Exercise ▸
Beneath this line are entries. Copy the range from the line with "We're delighted to" to the line with "Whitehall Orchestra</a> <a", ends included, exactly; leave pictures out.

[Study material Boundary: Start]

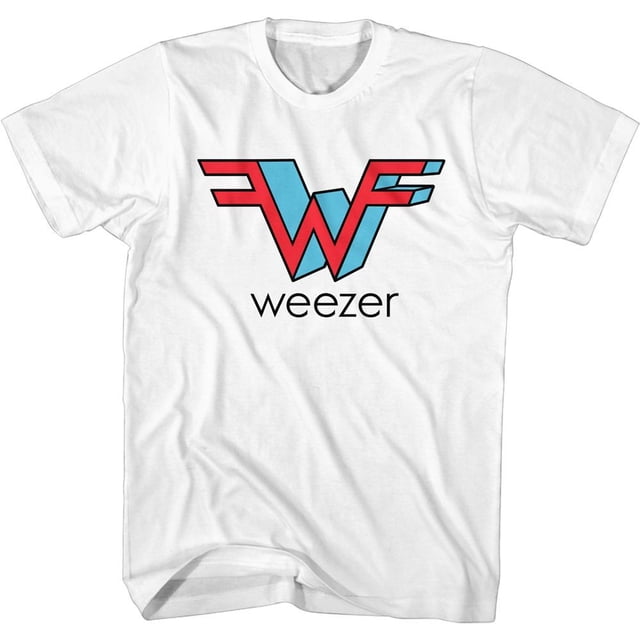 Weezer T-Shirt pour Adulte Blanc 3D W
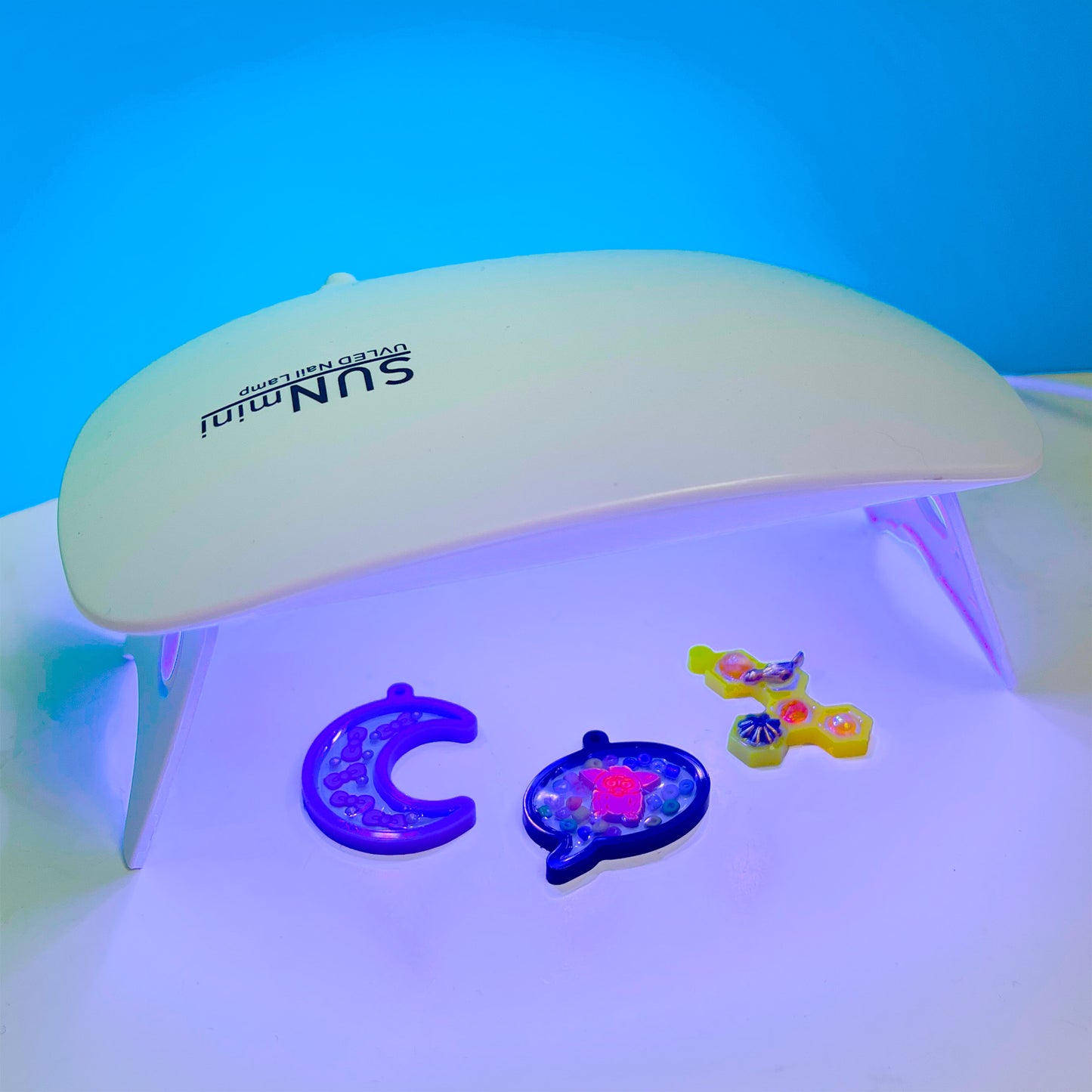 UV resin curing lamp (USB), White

[Study material Boundary: End]
[Study material Boundary: Start]

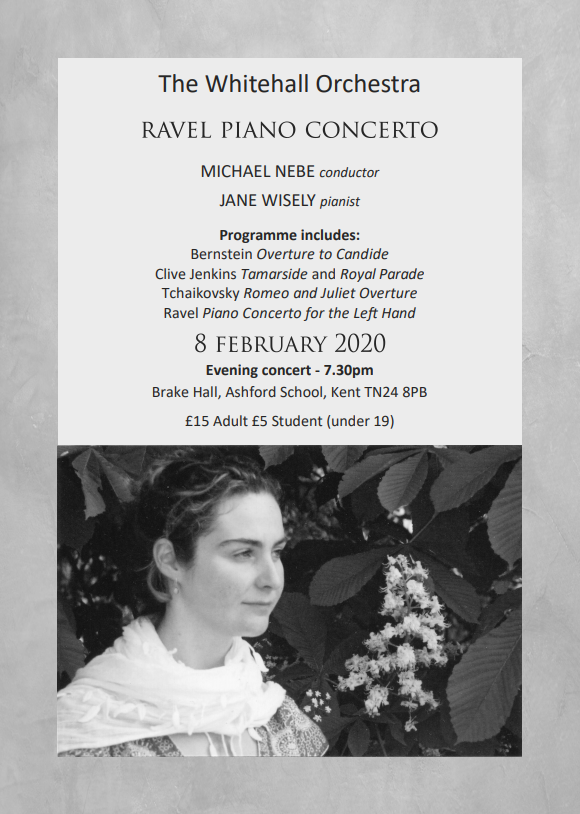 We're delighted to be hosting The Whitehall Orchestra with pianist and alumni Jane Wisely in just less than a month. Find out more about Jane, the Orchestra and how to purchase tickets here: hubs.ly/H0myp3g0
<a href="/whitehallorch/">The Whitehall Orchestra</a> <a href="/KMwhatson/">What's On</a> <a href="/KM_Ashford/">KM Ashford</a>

[Study material Boundary: End]

Answer area ▸
 We're delighted to be hosting The Whitehall Orchestra with pianist and alumni Jane Wisely in just less than a month. Find out more about Jane, the Orchestra and how to purchase tickets here: hubs.ly/H0myp3g0
<a href="/whitehallorch/">The Whitehall Orchestra</a> <a href="/KMwhatson/">What's On</a> <a href="/KM_Ashford/">KM Ashford</a>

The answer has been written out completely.